SLM Corp. (SLM), commonly known as Sallie Mae, reported second quarter core earnings of $209 million or 39 cents per share, ahead of the Zacks Consensus Estimate of 30 cents. The results compare favorably with the prior-year quarter as well, when the company had posted core earnings of $170 million or 31 cents per share.

The better-than-expected results were driven by higher interest income on its student loans. After provision for loan losses, core net interest income was $377 million, up from $343 million in the prior quarter and significantly above $55 million reported in the year-ago quarter.

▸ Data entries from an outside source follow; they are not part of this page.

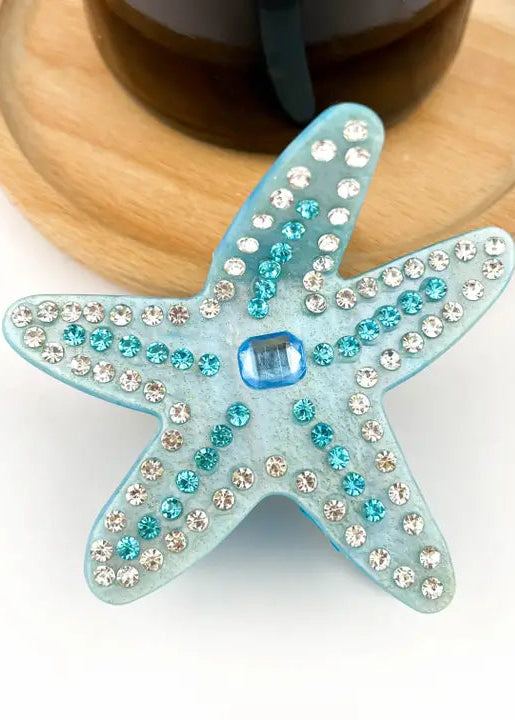 Diamond-Studded Starfish Claw Clip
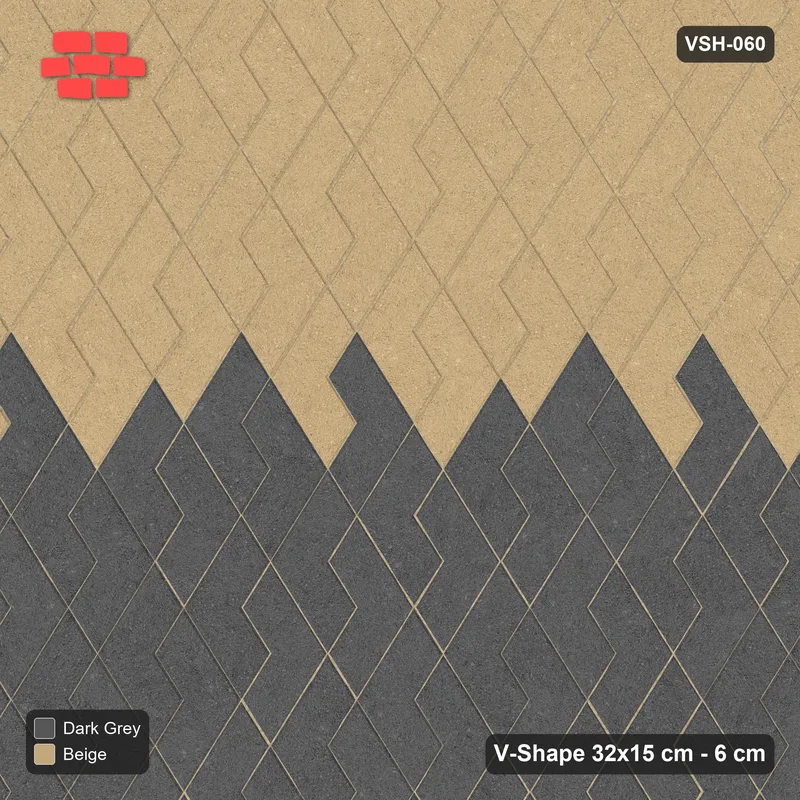 Interlock (Pasco) 32x15 cm · VSH-060 · Turned V zigzag rows, two-tone upper and lower halves, kerbed · Top view Interlock (Pasco) 32x15 cm · VSH-060 · Turned V zigzag rows, two-tone upper and lower halves, kerbed · Top view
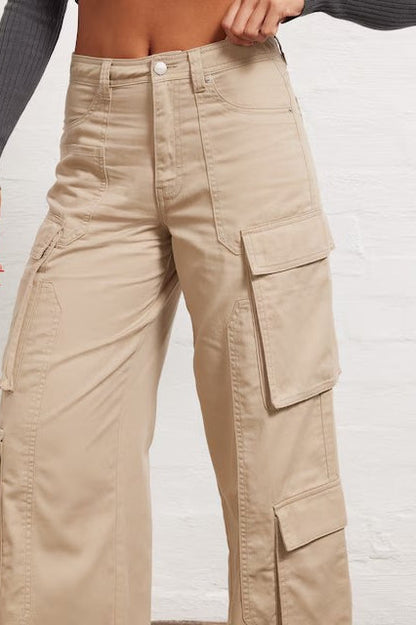 Vintage American High-Waisted Straight Leg Cargo Pant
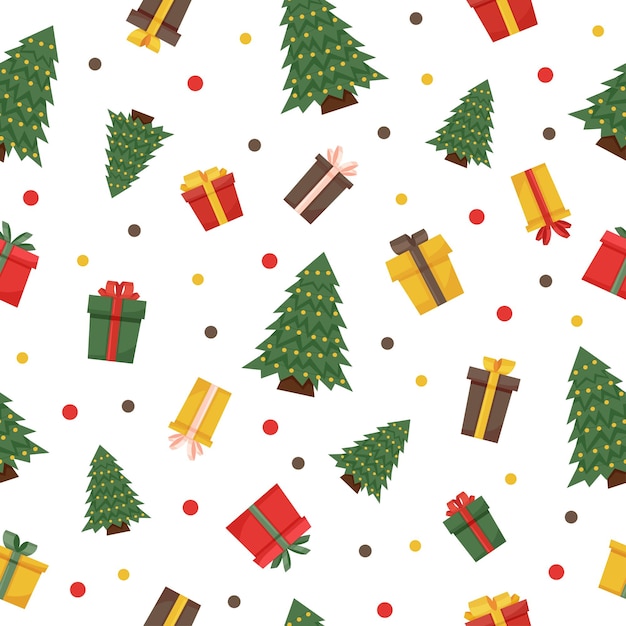 Christmas seamless pattern with Christmas tree and gift boxes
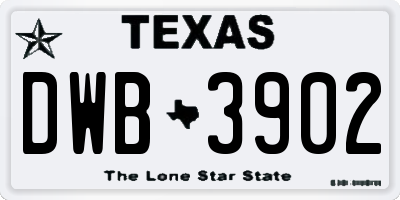 TX license plate DWB3902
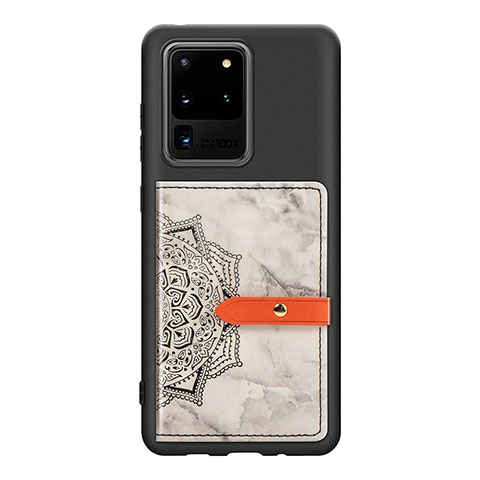 Custodia Silicone Ultra Sottile Morbida Cover con Magnetico S09D per Samsung Galaxy S20 Ultra 5G Nero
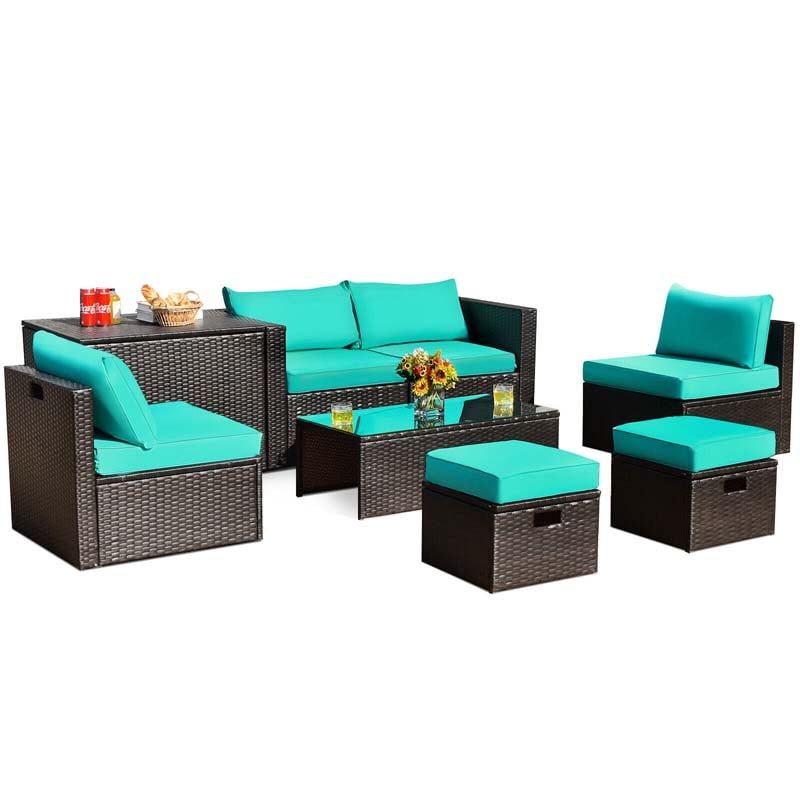 8 Pcs Rattan Patio Sectional Sofa Set with Storage Box & Waterproof Cover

On a GAAP basis, Sallie Mae reported a net quarterly income of $338 million or 63 cents per share, compared with a net loss of $123 million or 32 cents per share in the year-ago quarter. 


However, effective June 30, as a result of the signing of the student loan reform act by the President in March, which forbids private sector companies from making new federal student loans after June 30, 2010, Sallie Mae stopped originating federal student loans. 



Besides Sallie Mae, the new Act also eliminated the role of other private lenders such as Nelnet Inc. (NNI) in originating federal student loans under the Federal Family Education Loan Program.

Behind the Headline Numbers

Sallie Mae originated $3.1 billion in federal student loans in the reported quarter, compared with $3.7 billion in the year-ago period. The decrease was driven by the termination of the guaranteed loan program that became effective on June 30, and a shift of institutions to the government’s loan program.

However, the origination of private education loans decreased significantly during the quarter as a result of the increased availability of federal student loan coupled with an increase in students enrolling for institutions with lower cost. Sallie Mae originated $219 million of private student loans, compared with $387 million in the year-ago period.

Overall provision for loan losses was $382 million in the reported quarter versus $359 million in the prior quarter and $402 million in the prior-year quarter. Credit metrics remain elevated during the reported quarter. Sallie Mae’s managed private education loan charge-offs were $336 million in the quarter compared with $284 million in the prior quarter and $355 million in the year-ago quarter.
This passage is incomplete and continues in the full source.